「ごめんね、一条くんまで付き合わせちゃって」
「別に、相原が気にすることないよ」
聞こえてきた声、呼びあう名前。
驚いてびくりと肩を揺らしつつも、同時にどうしてこんなところに訪れたのか納得する。
文芸部の後輩のふみと一条……ふたりは文芸部員の中でも数少ない、別館の図書室を利用する人間だ。
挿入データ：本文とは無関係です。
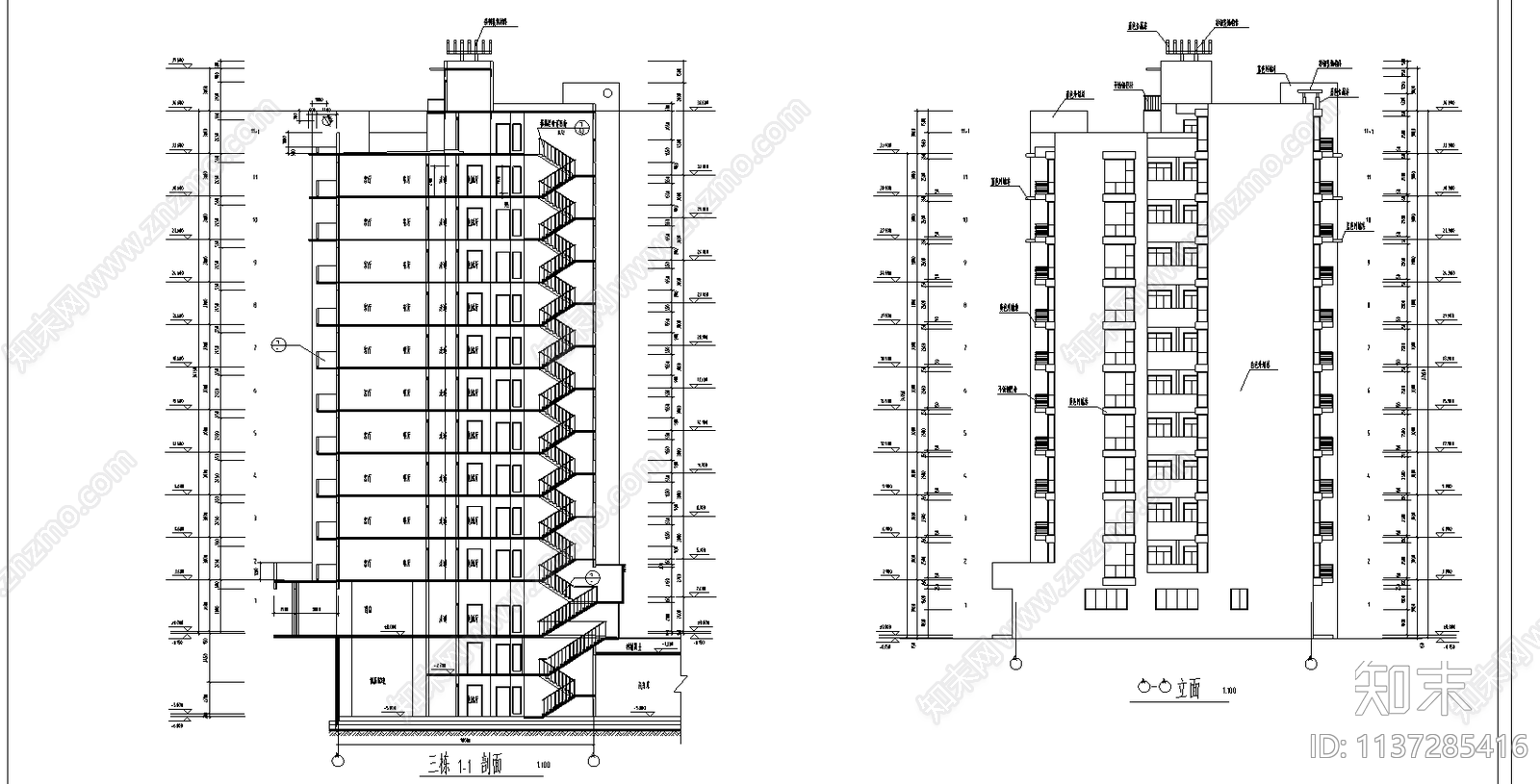 小高层住宅建施cad施工图下载【ID:1137285416】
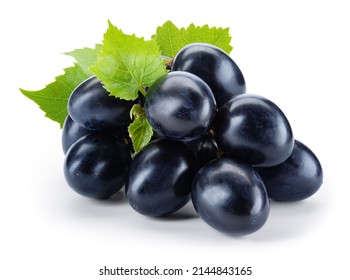 Dark blue grape isolated. Fresh black grape with leaves on white background. Clipping path. Full depth of field.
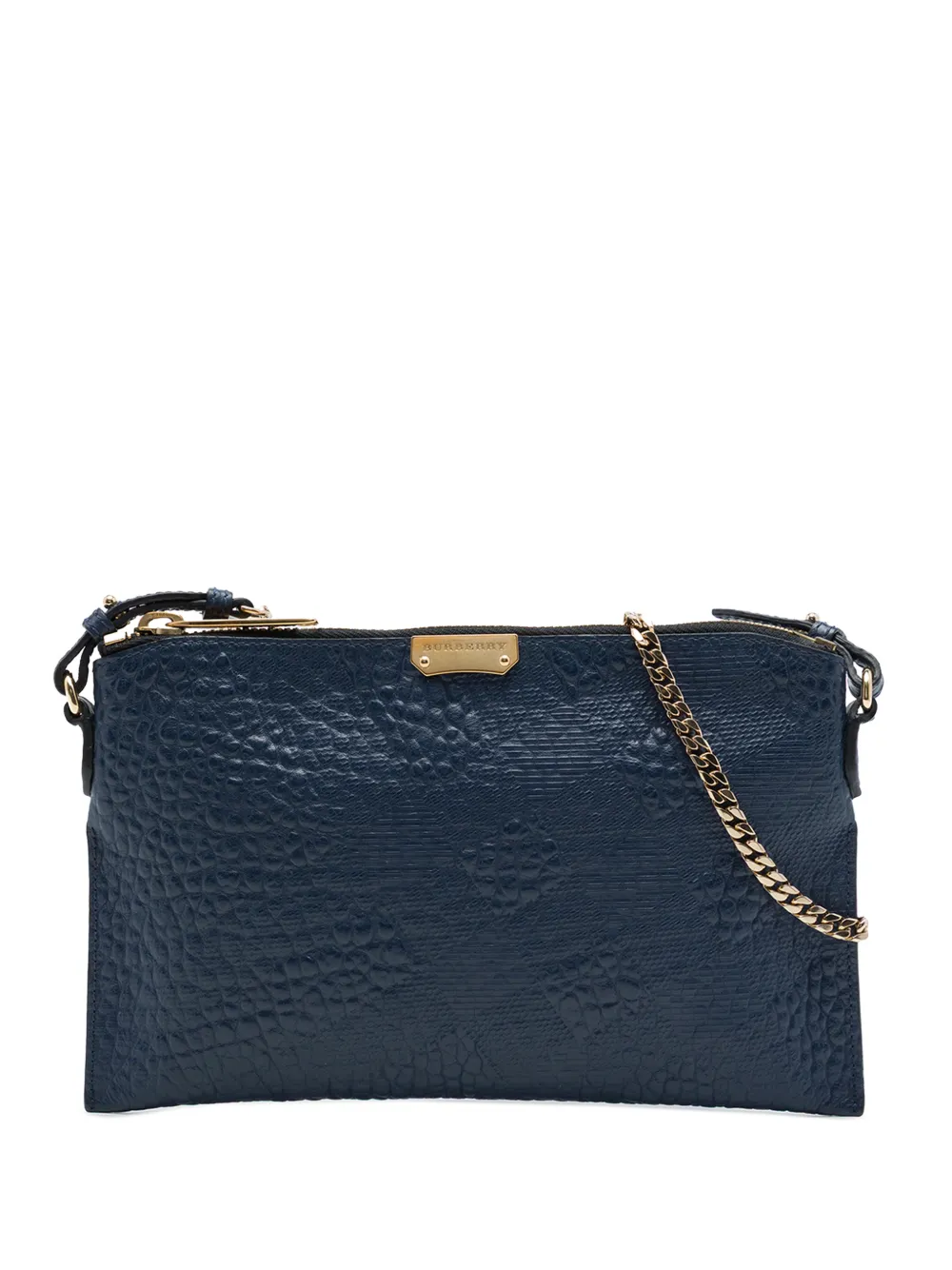 Burberry Pre-Owned 2000-2017 Small Grain Check Embossed Leather Chichester crossbody bag - Blue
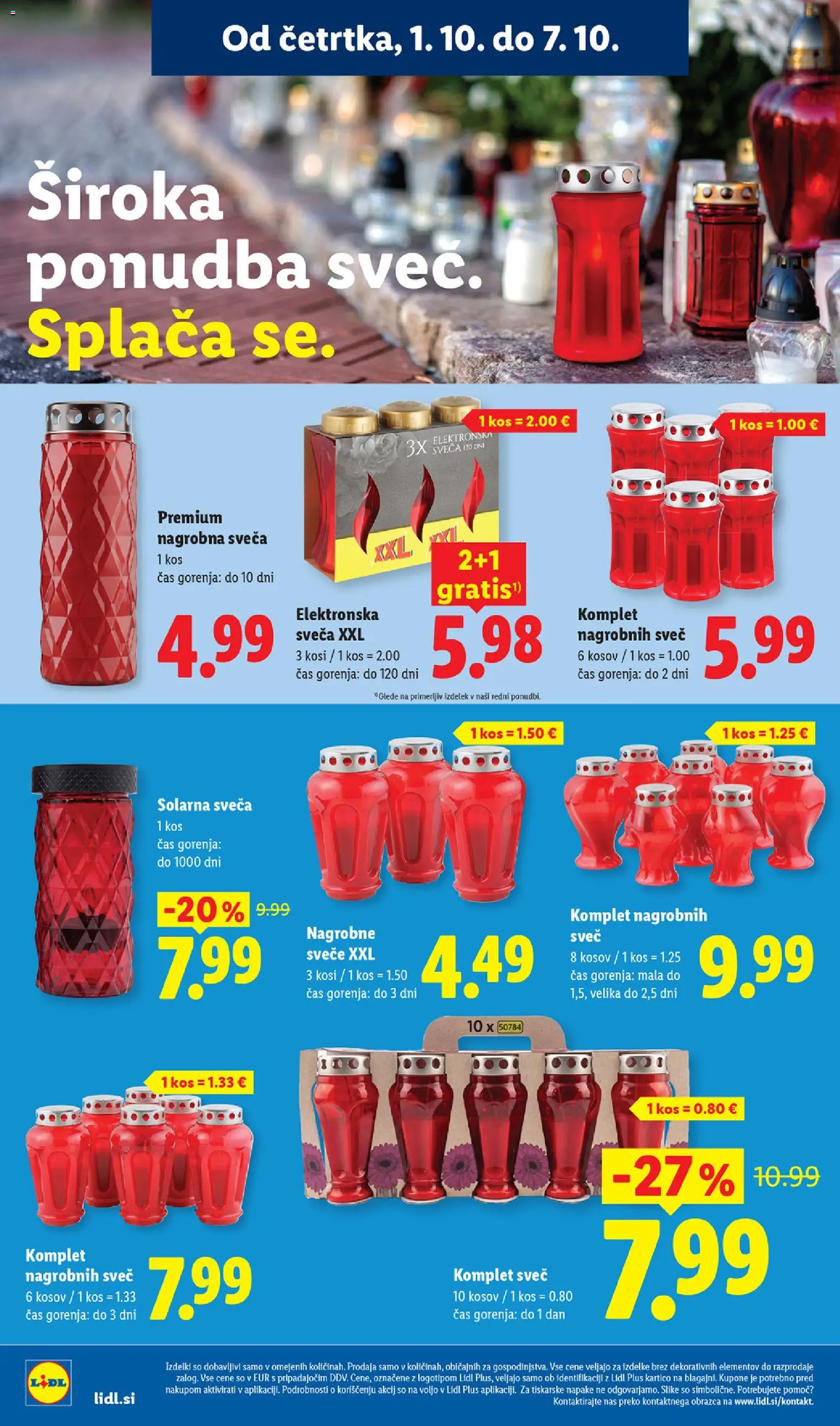 Novi Lidl katalog ponudbe – veljaven od 01.10.2026 | Stran: 22 | Izdelki: Nagrobne sveče, Sveča, Kos, Svece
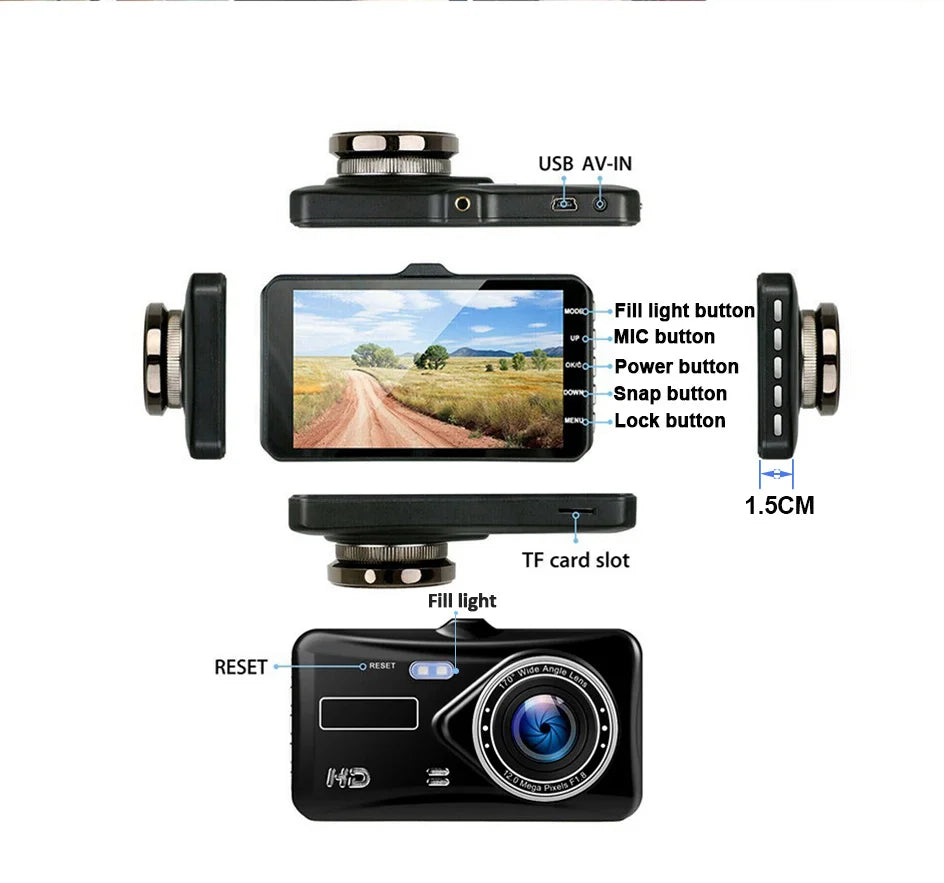 Dash Cam Camera Car HD 1080P Touch Night Vision Video Recorder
原稿が終わったばかりのはずのこの時期に来るとは思っていなかったけど、ふたりが現れることは予想できた。
なのにすっかりその可能性を見落としていた。
「次の原稿に花言葉の本がいるんだよな?」
「うん。園芸部の話を書こうと思って」
なるほど、もう次のことを考えているんだね!
あたしの原稿が遅れているせいで今回の部誌の作業はとまっているしね!
申し訳ない、と思いながらうつむくと、その拍子に章の黒いパーカーにあたしの髪が触れた。
するりとまるで撫でられるようではっと彼の方を向く。
……待って、いつの間にこんなに近づいていたの。
かーっと頰が熱を持ち、もうふみたちのことなんて気にしていられない。
綺麗な耳の形、頰のライン、上向きのまつげ。
今までになかった距離で見つめることにどきどきして、離れなくちゃいけないのに動くことができない。